• INPUT DATA:
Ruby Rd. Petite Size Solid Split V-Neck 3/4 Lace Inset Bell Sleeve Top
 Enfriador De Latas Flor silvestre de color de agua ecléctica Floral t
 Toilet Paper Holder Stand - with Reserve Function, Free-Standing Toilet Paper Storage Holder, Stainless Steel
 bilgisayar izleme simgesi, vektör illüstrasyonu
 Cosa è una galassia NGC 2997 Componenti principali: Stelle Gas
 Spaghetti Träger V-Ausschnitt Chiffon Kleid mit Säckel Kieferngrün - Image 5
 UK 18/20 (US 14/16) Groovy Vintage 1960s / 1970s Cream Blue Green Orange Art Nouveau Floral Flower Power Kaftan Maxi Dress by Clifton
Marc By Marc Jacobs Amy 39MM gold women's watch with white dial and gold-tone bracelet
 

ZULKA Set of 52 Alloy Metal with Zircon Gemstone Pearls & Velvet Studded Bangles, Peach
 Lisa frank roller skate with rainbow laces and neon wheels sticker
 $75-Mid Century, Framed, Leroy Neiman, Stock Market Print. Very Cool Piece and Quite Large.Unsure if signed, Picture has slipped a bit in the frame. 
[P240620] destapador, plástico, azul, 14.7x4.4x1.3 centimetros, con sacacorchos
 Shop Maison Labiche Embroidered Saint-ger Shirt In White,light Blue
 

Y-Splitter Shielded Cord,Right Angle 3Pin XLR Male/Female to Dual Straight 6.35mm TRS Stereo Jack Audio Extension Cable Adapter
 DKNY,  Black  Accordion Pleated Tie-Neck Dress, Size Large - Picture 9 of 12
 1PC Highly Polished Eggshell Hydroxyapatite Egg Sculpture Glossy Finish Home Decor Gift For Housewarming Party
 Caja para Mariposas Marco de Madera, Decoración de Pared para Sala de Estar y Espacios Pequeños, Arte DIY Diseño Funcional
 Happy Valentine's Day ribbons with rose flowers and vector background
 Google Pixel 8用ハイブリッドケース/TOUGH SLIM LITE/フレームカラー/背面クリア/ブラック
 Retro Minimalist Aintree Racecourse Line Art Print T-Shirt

• THE PROBLEM:
Of the entries above, transcribe exactly those lines that fall between the line containing "in the frame." and the line containing "Picture 9 of 12", together with those two lines.

• RESPONSE TO THIS TASK:
 $75-Mid Century, Framed, Leroy Neiman, Stock Market Print. Very Cool Piece and Quite Large.Unsure if signed, Picture has slipped a bit in the frame. 
[P240620] destapador, plástico, azul, 14.7x4.4x1.3 centimetros, con sacacorchos
 Shop Maison Labiche Embroidered Saint-ger Shirt In White,light Blue
 

Y-Splitter Shielded Cord,Right Angle 3Pin XLR Male/Female to Dual Straight 6.35mm TRS Stereo Jack Audio Extension Cable Adapter
 DKNY,  Black  Accordion Pleated Tie-Neck Dress, Size Large - Picture 9 of 12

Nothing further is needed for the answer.